La cuestión es que, al fin, se han liberado de esa presión. Y es que estar en la oposición siempre es más cómodo que detentar la responsabilidad de toda una nación de personas desempleadas. La última reforma emprendida por el Partido Popular, tan salvaje como la anterior, supone una excusa irrenunciable para que vuelvan a llenarse las calles de banderolas, de símbolos obreros ya olvidados, de siglas carentes de significado alguno, de personas que durante ocho años han permanecido encerradas en sus casas por un servilismo político que les impedía pronunciarse según su propia ideología.

Es una lástima que las protestas de este fin de semana carezcan de toda legitimidad por una falta de coherencia política que es difícil de olvidar. Y el Partido Popular lo sabe. Mientras cientos de miles de personas se manifestaban, sus dirigentes celebraban apaciblemente el ‘Congreso de la Unidad’, sabedores de que es algo que entra en el guión de los próximos meses.
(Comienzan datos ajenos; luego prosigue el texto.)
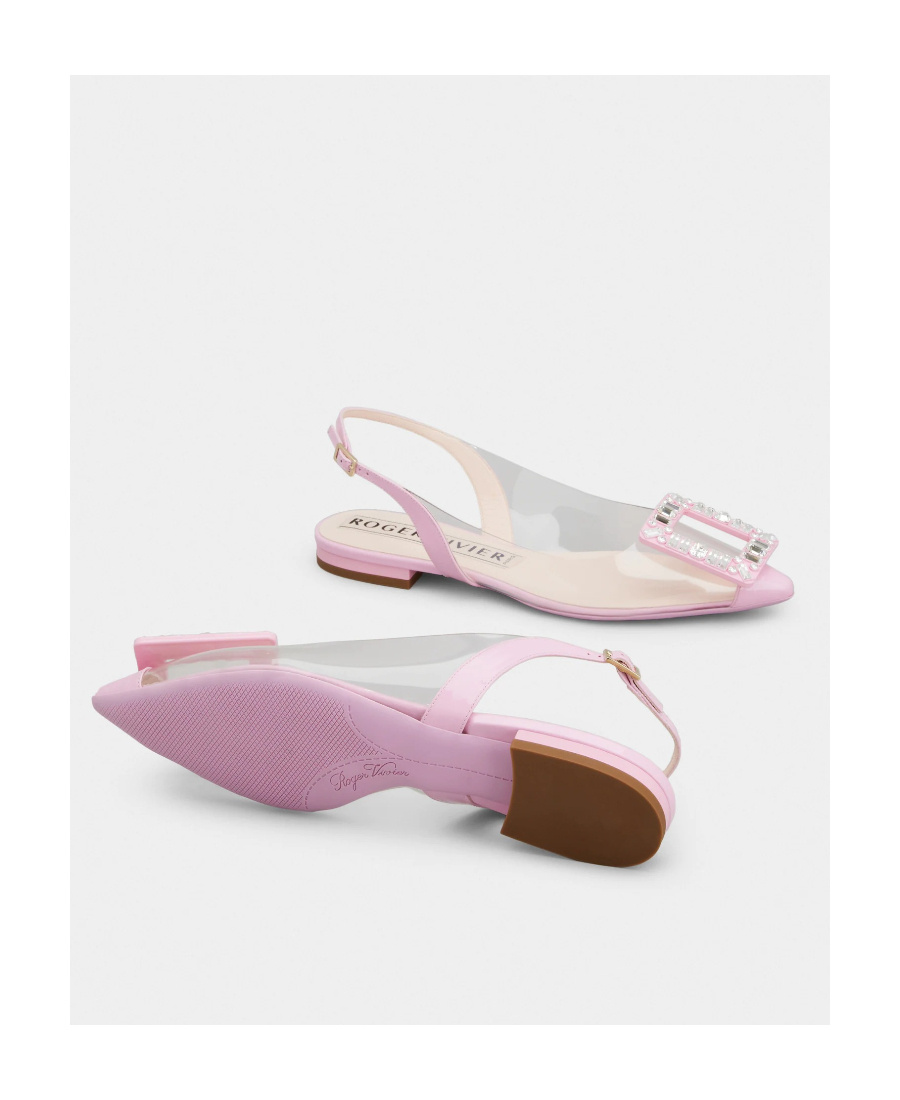 Roger Vivier Flache Slingback-schuhe Mit Spitzer Kappe Aus Tpu Mit Kristallverzierung In Pink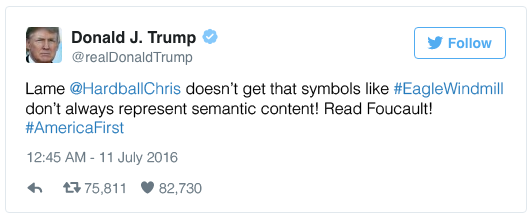 Lame @HardballChris doesn't get that symbols like #EagleWindmill don't always represent semantic content. Read Foucault! #AmericaFirst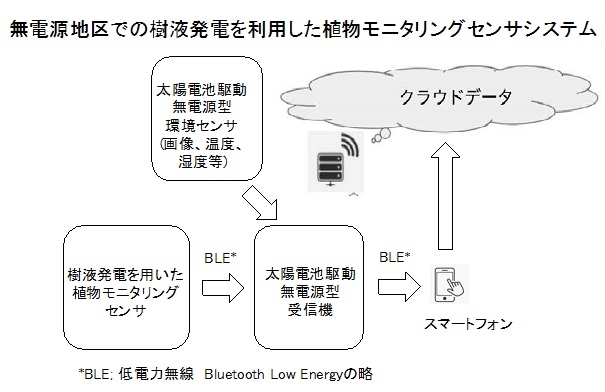 無電源地区での樹液発電を利用した植物モニタリングセンサシステム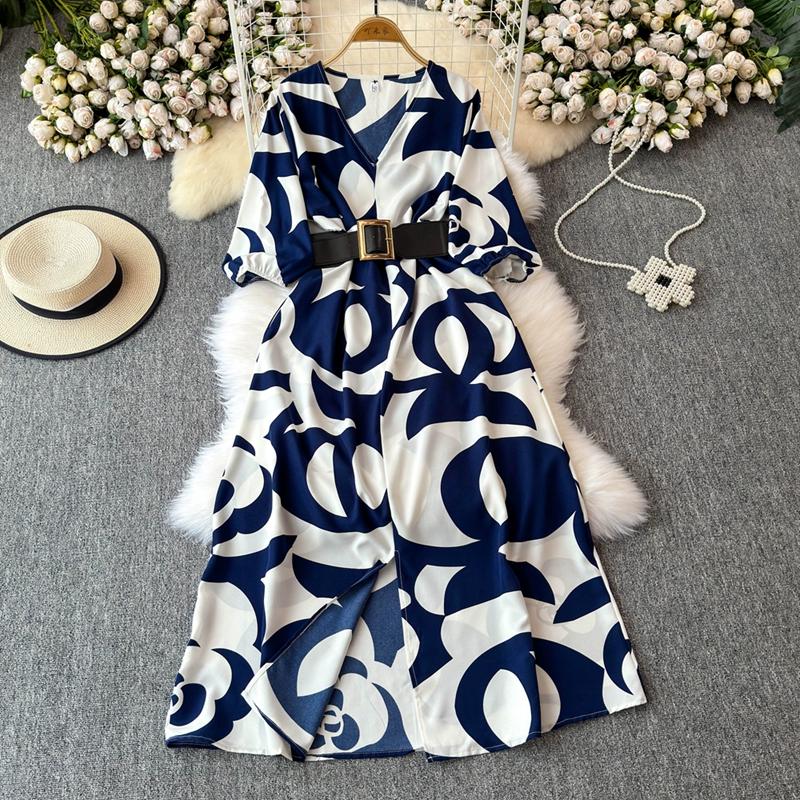 Stil franțuzesc, vară lungă, îmbrăcăminte nouă pentru femei, textura de înaltă calitate, rochie rafinată cu decolteu în V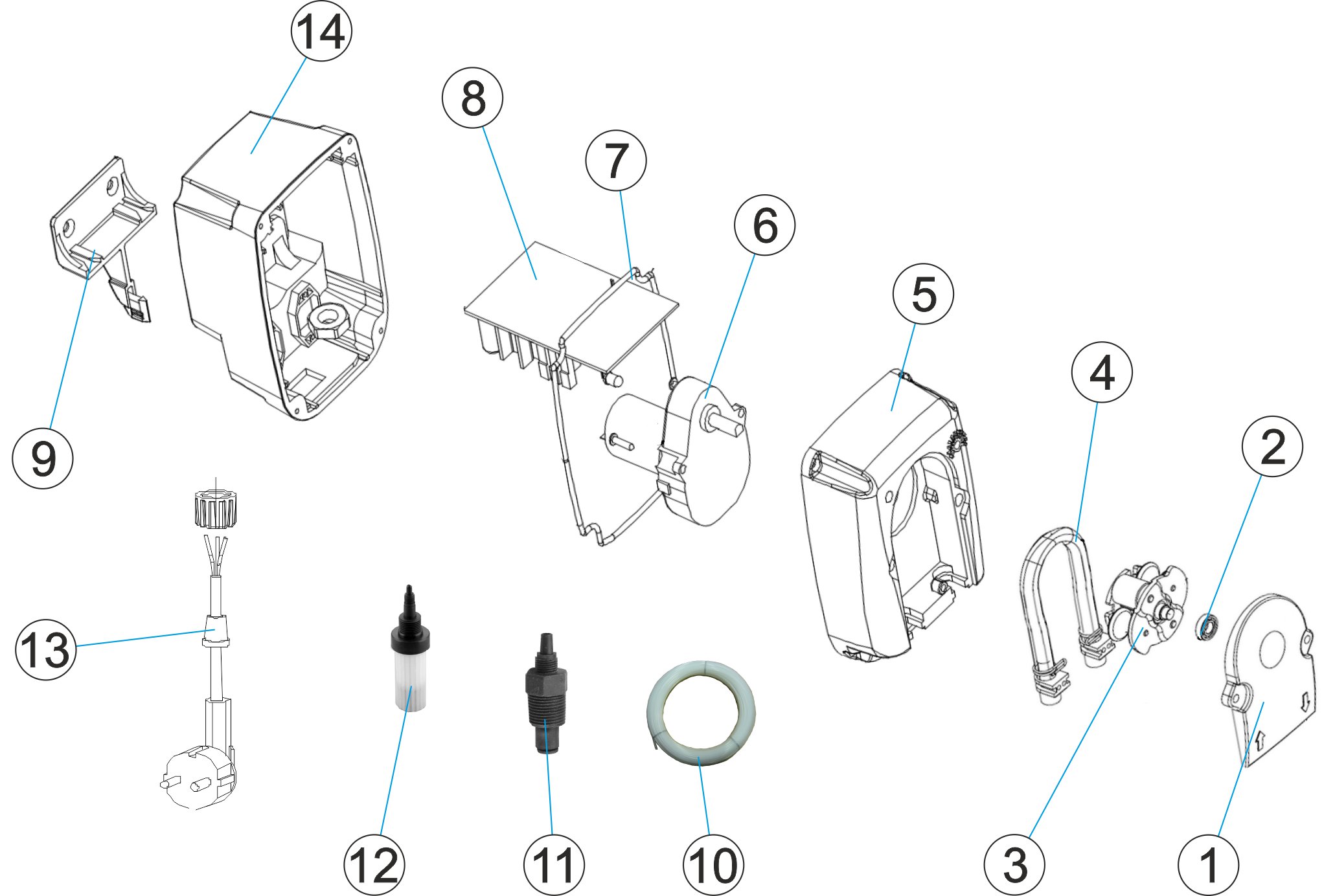 BOMBA PERISTALTICA 12L/H 1 BAR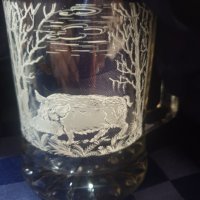 Кристална халба с ловни мотиви, снимка 7 - Чаши - 39725909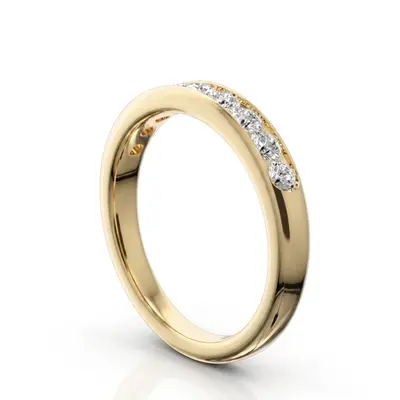 14K white gold Brilliant Round 9 Stone Channel Set Diamond Anniversary Ring (1/2 ct. tw.) - alternate view 4 thumbnail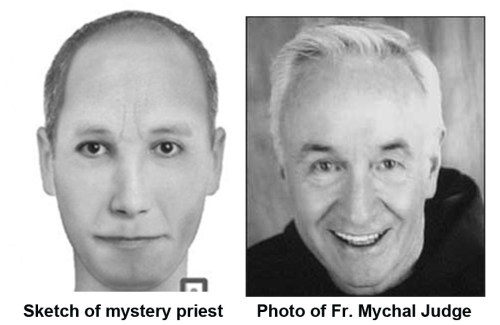 Mystery priest sketch and Fr Judge pic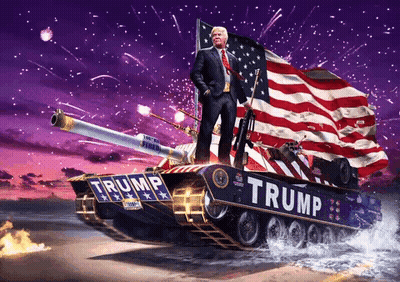 Man In Suit On Tank Saying Trump GIF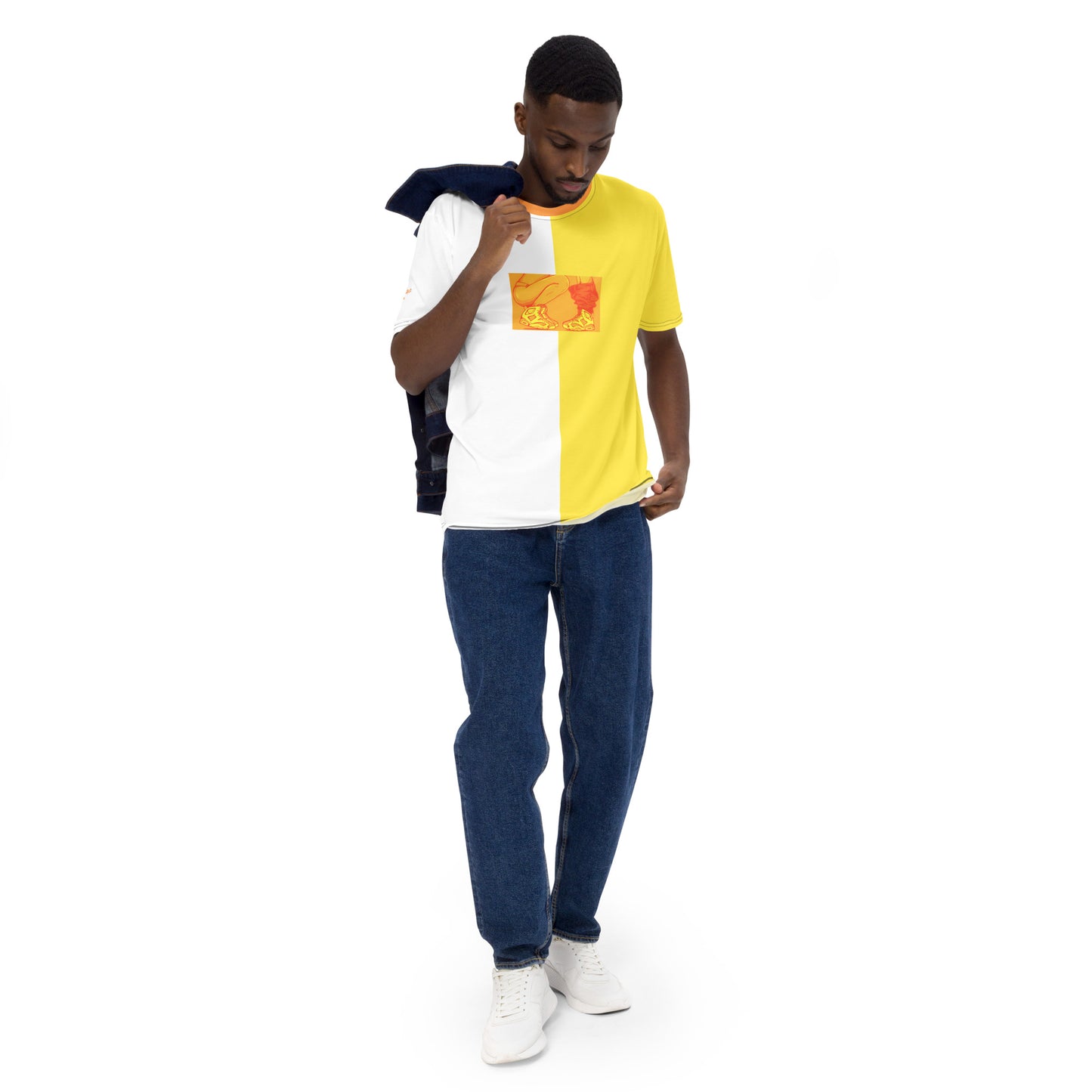 Sneaker Head Split Yellow Men's t-shirt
Los recortes continúan, sin embargo los índices de intencionalidad de voto se mantienen y las distancias con el PSOE se acentúan.

Mientras el sentir popular (de desánimo, ira, desesperanza, hartazgo…) siga cooptado por los sindicatos y los partidos políticos que no hicieron nada mientras gobernaron, las protestas y huelgas no serán más que anécdotas de una legislatura que se prevé exitosa para el impasible Presidente.